**Supplied data:**
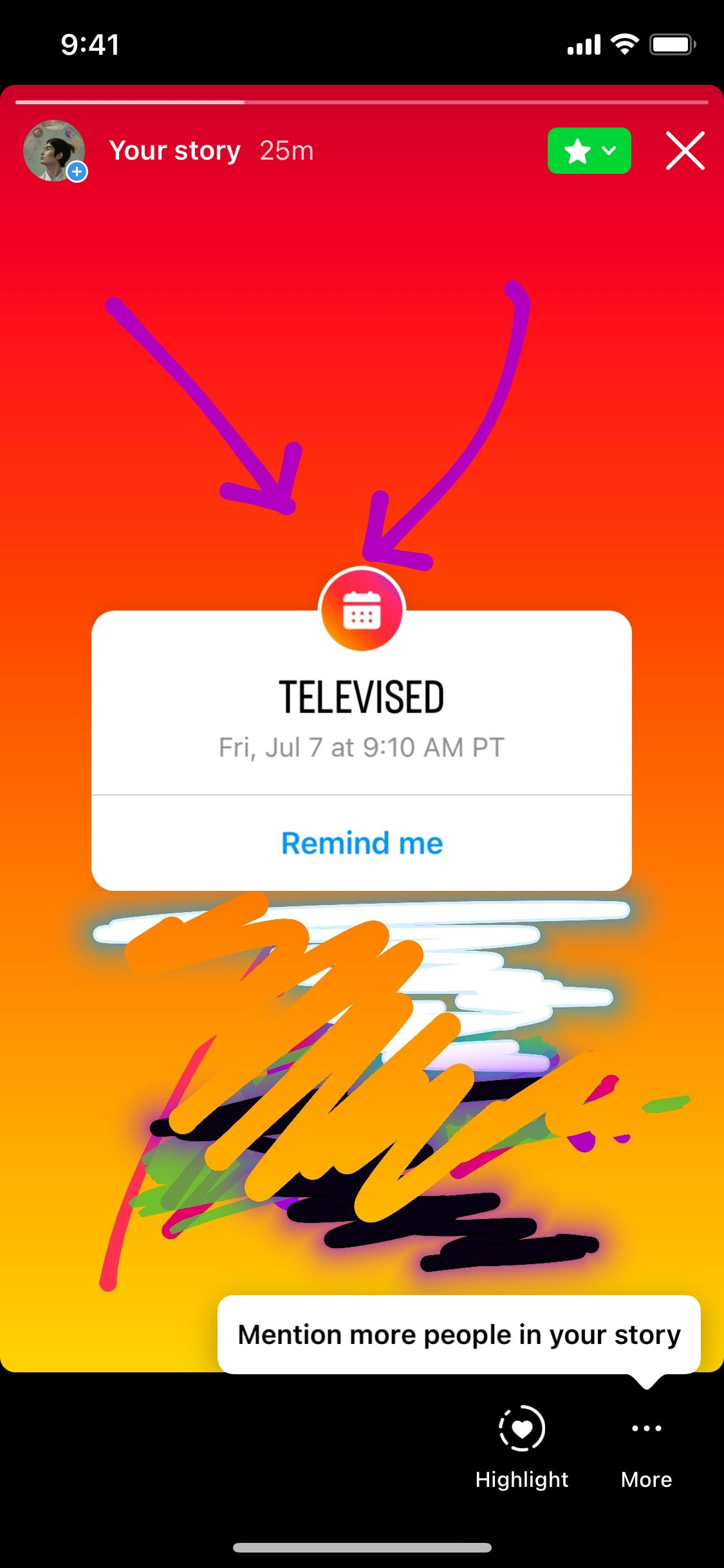 Instagram iOS screen 300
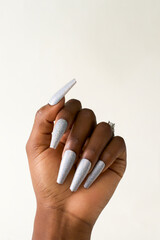 Nail art for dark skin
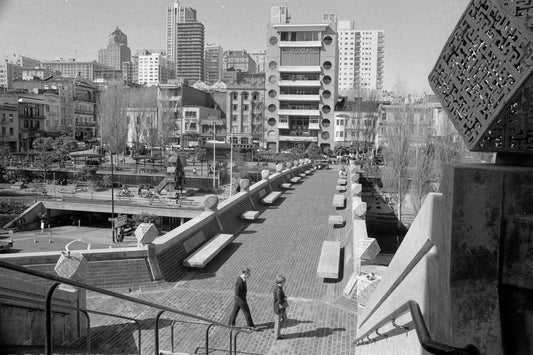 Portsmouth Square Pedestrian Bridge, Chinatown — San Francisco, 1974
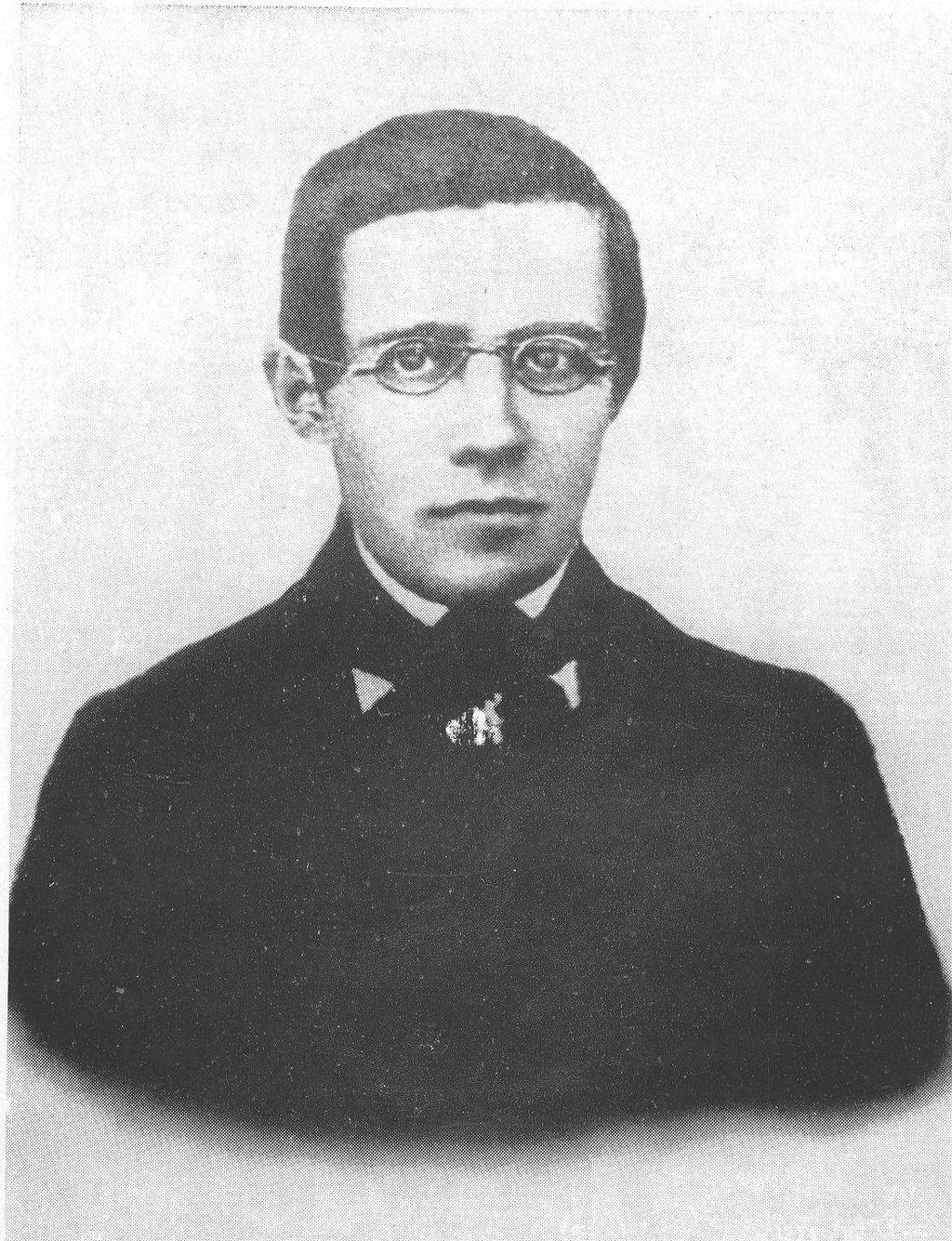 Bedřich Smetana v době gymnaziálních studií v roce 1840.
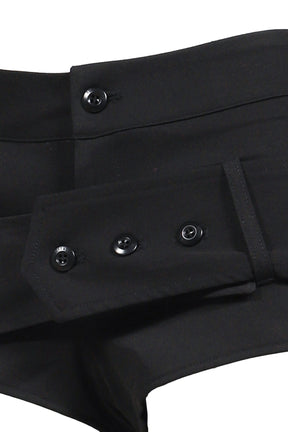 BELT DETAIL SHORTS(EXCLUSIVE) / BLK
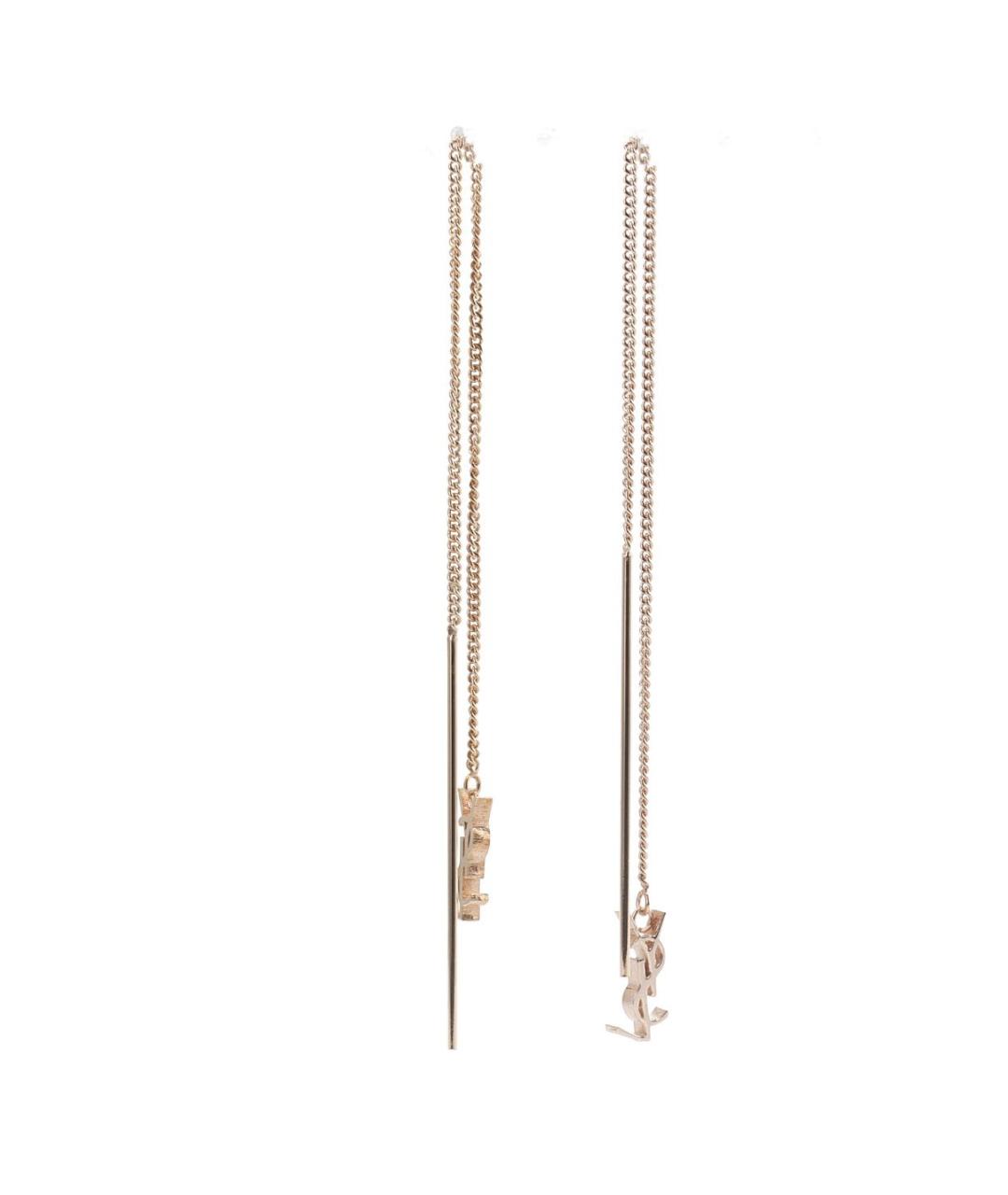 SAINT LAURENT Золотые серьги, фото 6
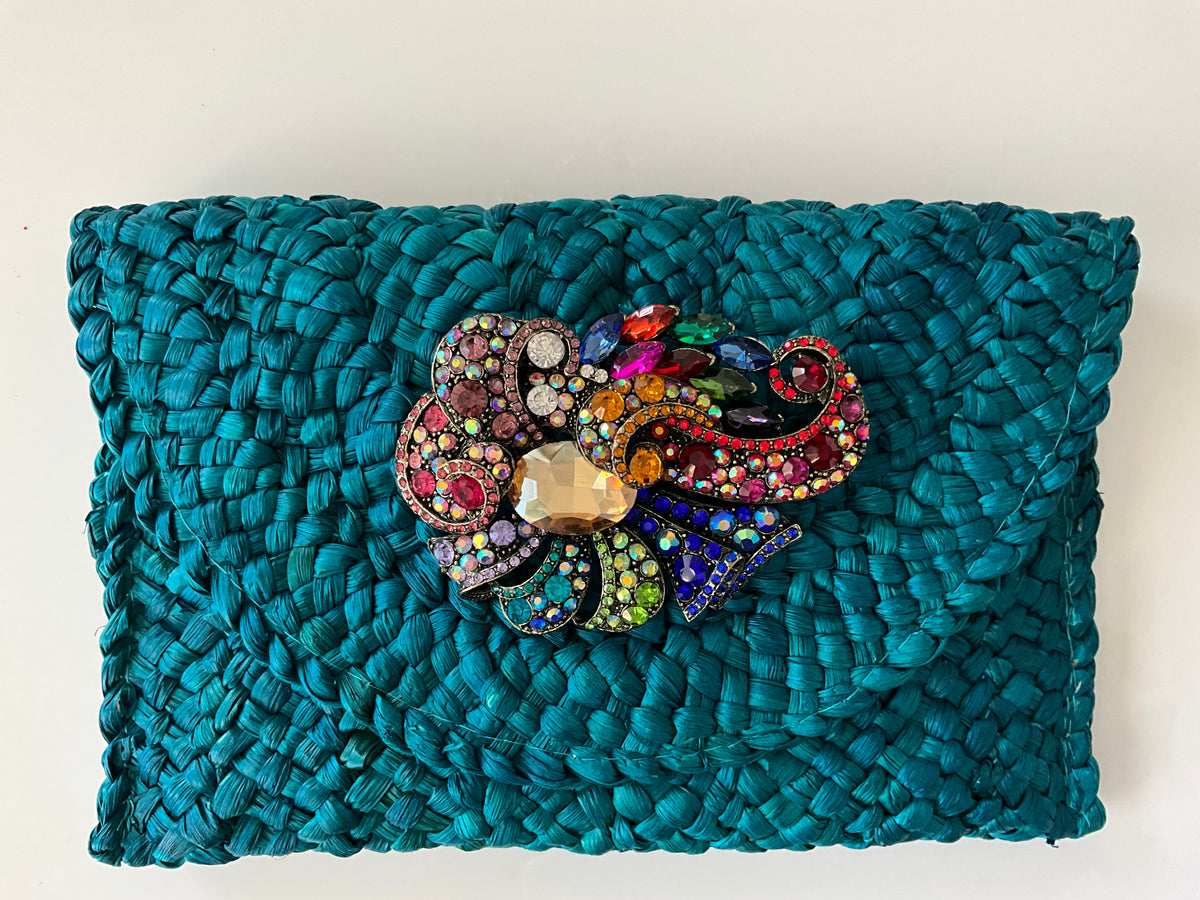 ILY Crystal Rhinestone Clutch - Love by ILY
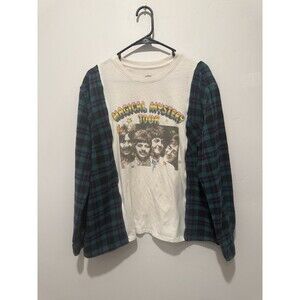 Reworked Upcycle  Oversize The Beatles One of a Kind Top M/L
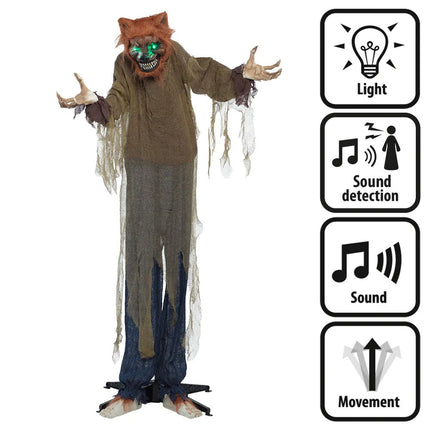Halloween Pop Gemene Wolf 1,6m van Boland koop je bij Partywinkel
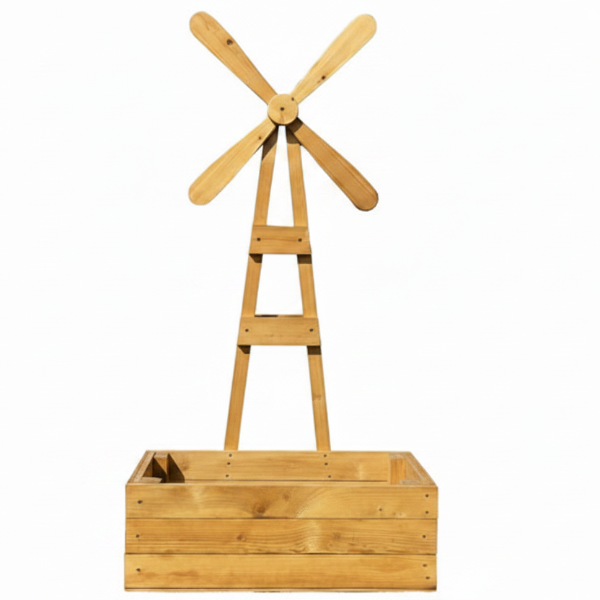 Handmade Fan Wheel Planter – image 2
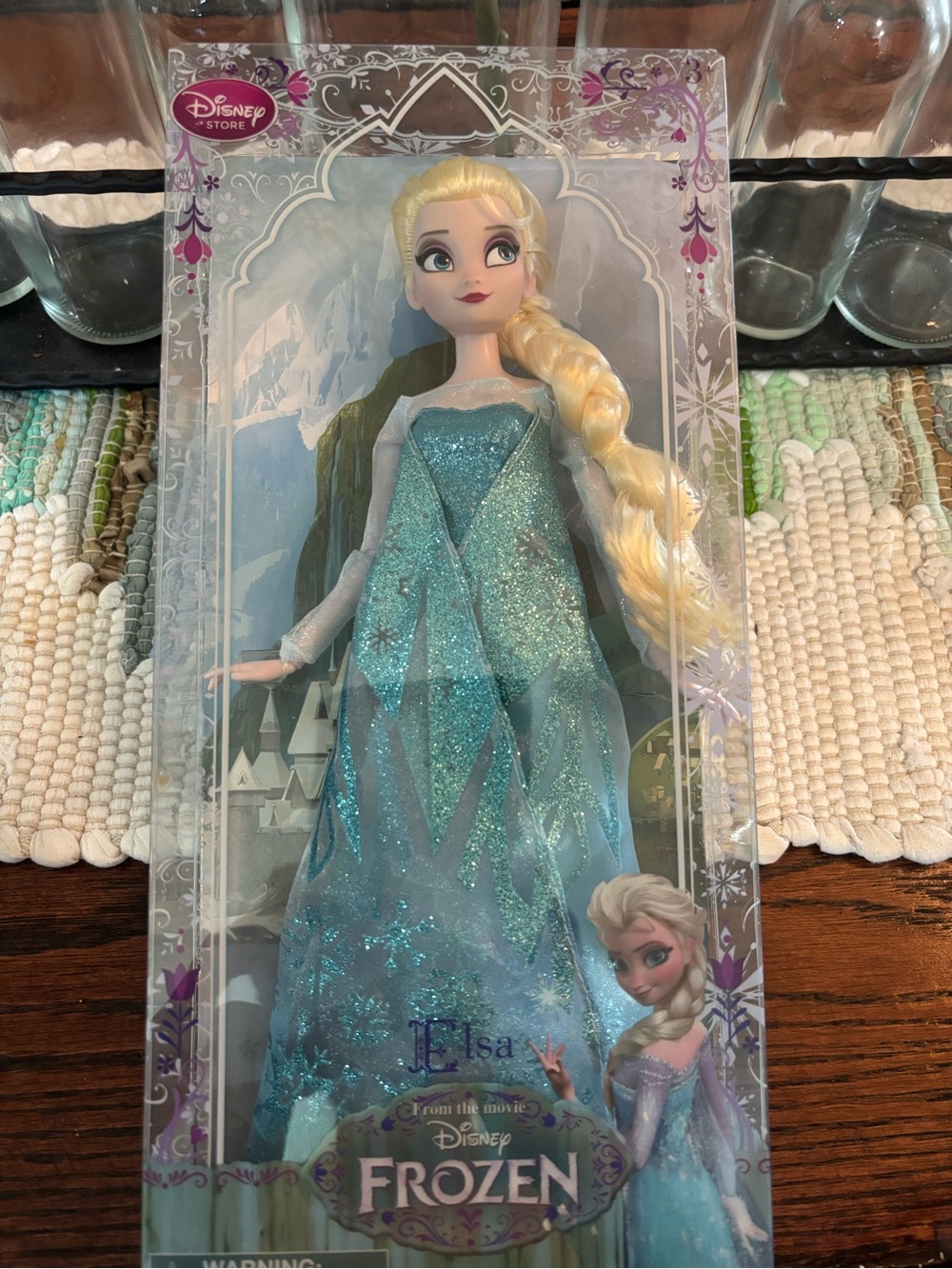 Disney Store   ELSA Exclusive 12 Inch Classic Doll 2013 Edition New In Box RARE
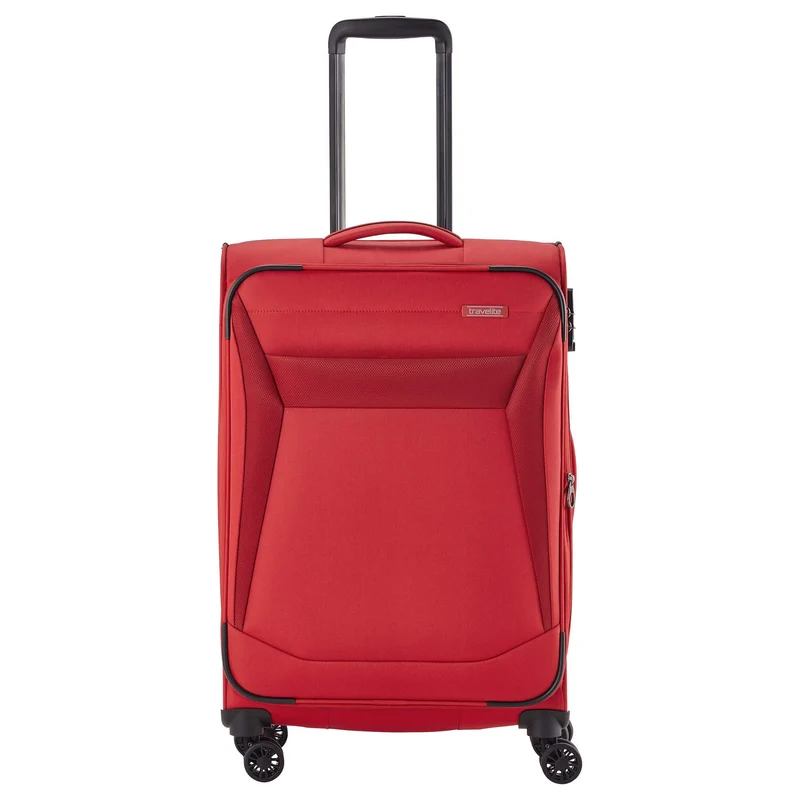 Travelite Chios - Trolley de 4 ruedas M 67 cm expandible (rot)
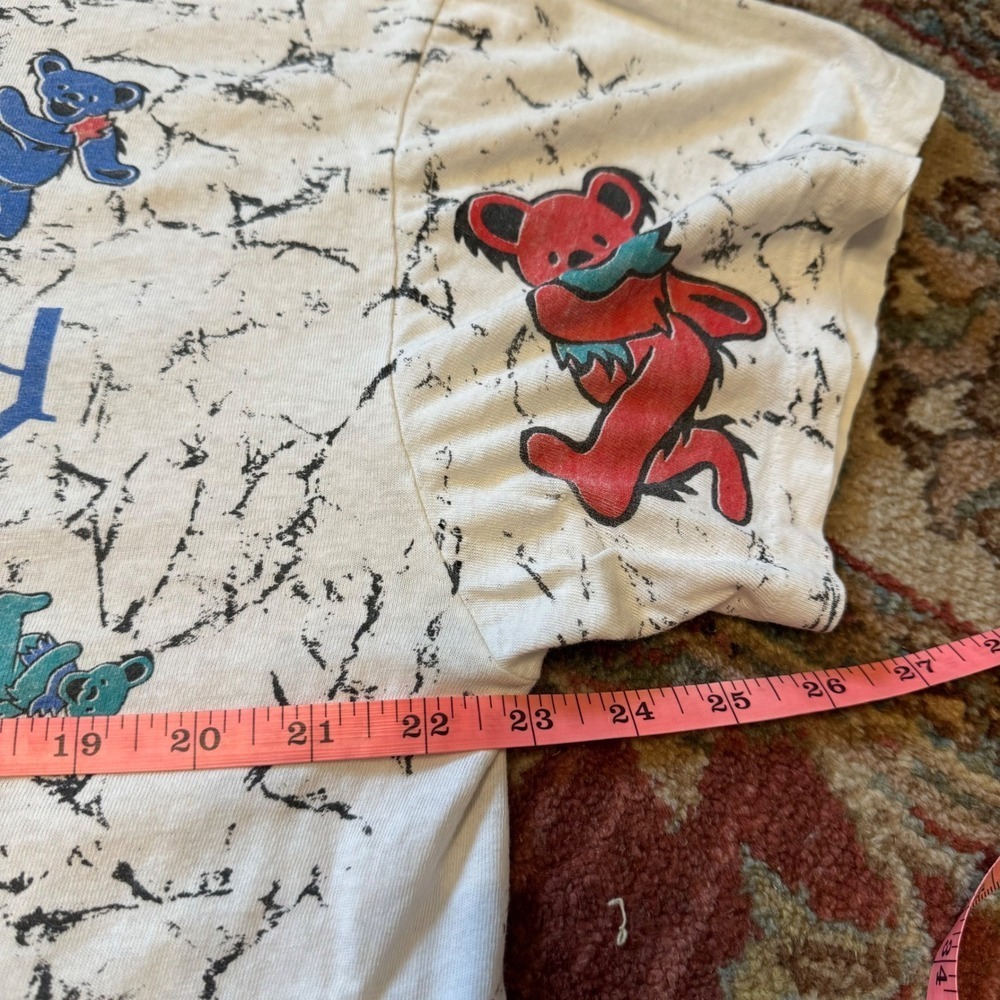 Grateful‎ Dead 1991 All Over Print Dancing Bears Roses Vintage T Shirt - Picture 8 of 9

**Exercise brief:**
What's needed is an exact copy of the lines above from the one with "Portsmouth Square Pedestrian" through the one with "Halloween Pop Gemene", both included; the pictures stay out.

**Task result:**
 Portsmouth Square Pedestrian Bridge, Chinatown — San Francisco, 1974
 Bedřich Smetana v době gymnaziálních studií v roce 1840.
 BELT DETAIL SHORTS(EXCLUSIVE) / BLK
 SAINT LAURENT Золотые серьги, фото 6
 ILY Crystal Rhinestone Clutch - Love by ILY
 Reworked Upcycle  Oversize The Beatles One of a Kind Top M/L
Halloween Pop Gemene Wolf 1,6m van Boland koop je bij Partywinkel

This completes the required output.